TRAVERSE CITY — If you ask Rebecca Reynolds to name the three biggest challenges of filming “Girl on the Train,” she answers in three words.
“Train, pain, rain,” said the co-founder of the Leland-based independent 8180 Films production company that shot the low-budget movie in less than three weeks in April 2012. The sets included a New York train, rented office space, a rented and closed Catholic school and other places around the city.
The train, a big prop, turned out to be a time-consuming problem, Reynolds said. First, the police bomb dog required by the city to sniff through the train was caught up in police roll call meeting at the designated 6 a.m. pickup time. Add malfunctioning train doors plus lost time waiting for a new train, and the original optimistic 14-day filming schedule for the movie turned into 17 days.
“At one time I did ask writer/director Larry Brand why he couldn’t have written a script called ‘Girl in A Cab,’ “ Reynolds said. “You can go on any train in New York with a camera, but if you want to control what happens on it, you have to rent your own.”
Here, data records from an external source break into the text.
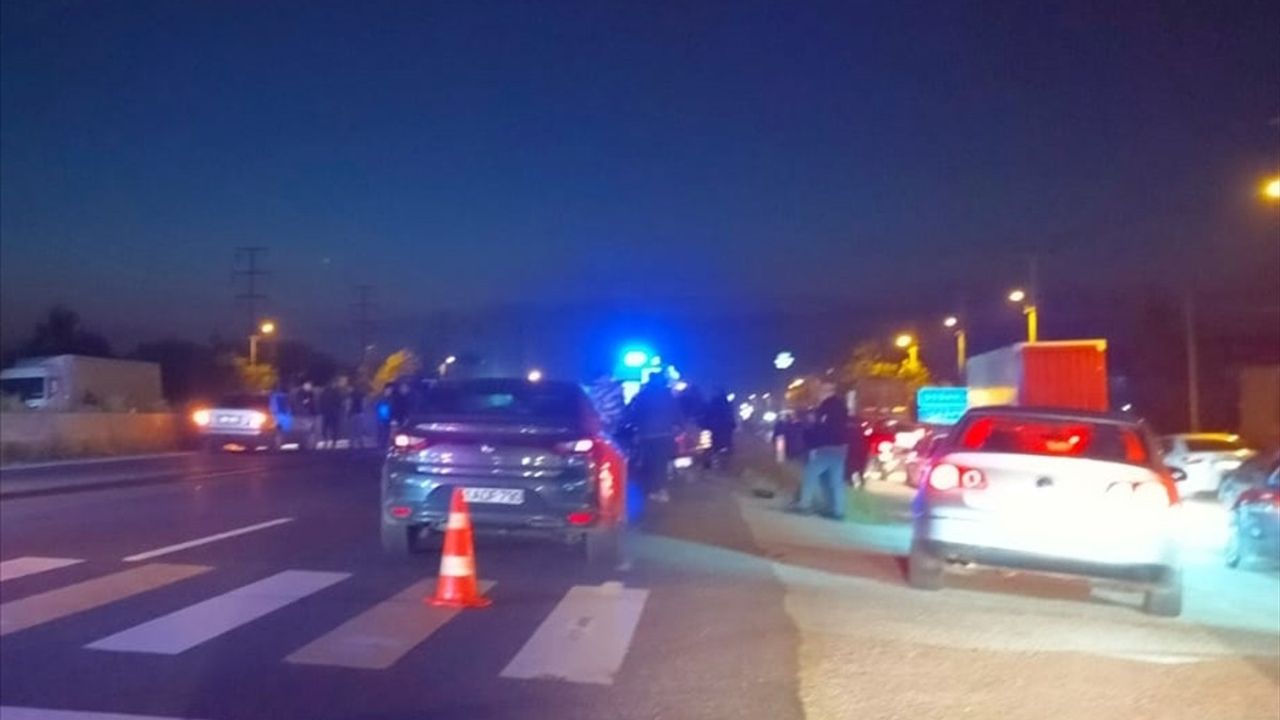 Düzce'de Otomobil Engelli Araca Çarptı: Ağır Yaralı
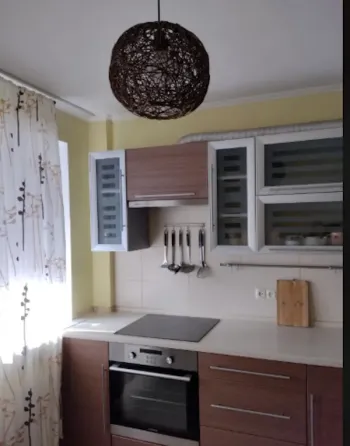 Оренда 1к Квартира 35 кв.м вул. Челябінська 19 Київ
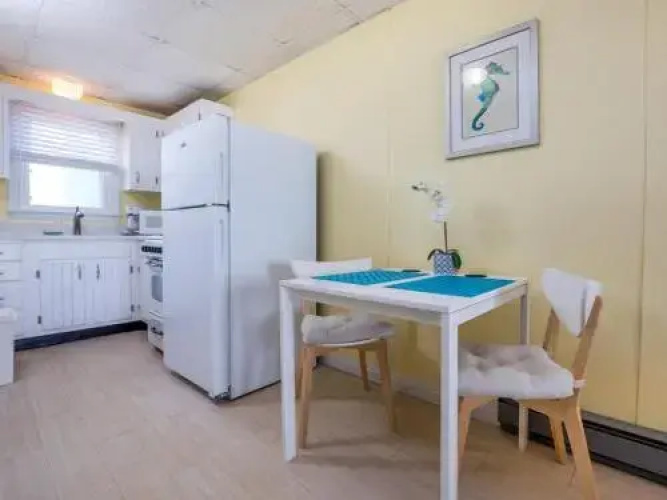 46th St Windjammer 305 1Br Studio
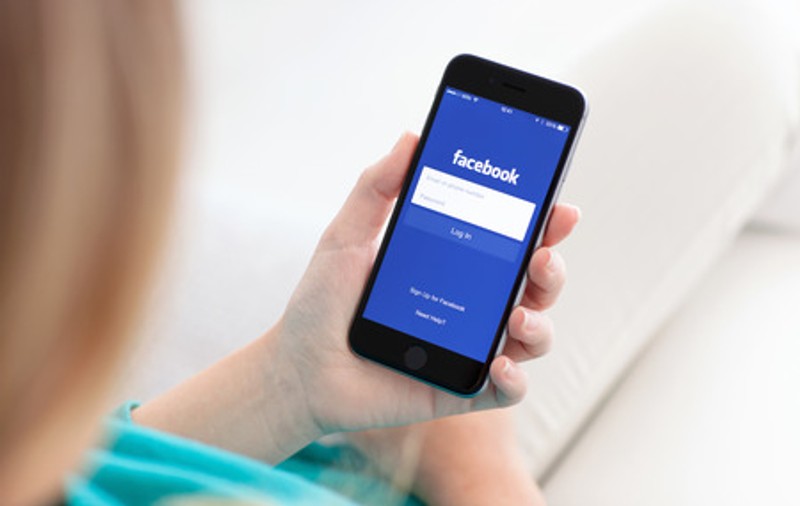 Închisoare și amenzi usturătoare pentru părinții care pun imagini cu copii pe Facebook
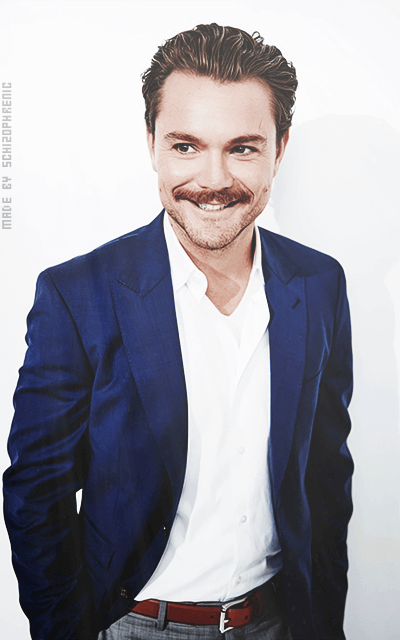 Clayne Crawford EsIiQRGQ_o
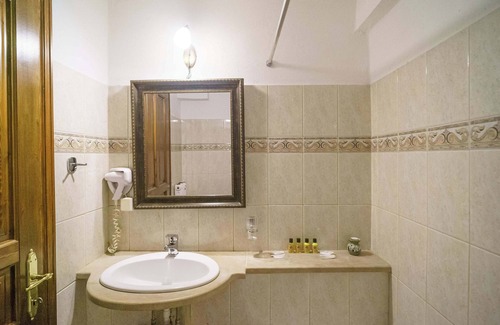 Portaria Bed & Breakfast | Portaria Pool Getaway - Palladio Stone Gem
On the positive side, New York is filmmaker-friendly and gave the 8180 actors, director and film crew an extra half-day because of the problems, she said.
The pain? Trying to coordinate actors’ schedules and tight scheduling in a city plagued with traffic jams that can be neither predicted nor timed.
The rain spattered nature’s canvas and clouded out a sunset after the film crew got permission to film it from the top of a tall building.
But neither Reynolds, nor other 8180 Films principals — husband Jim Carpenter, her long-time writing partner Larry Brand, and executive producer Ross Satterwhite — are complaining. They’re busy.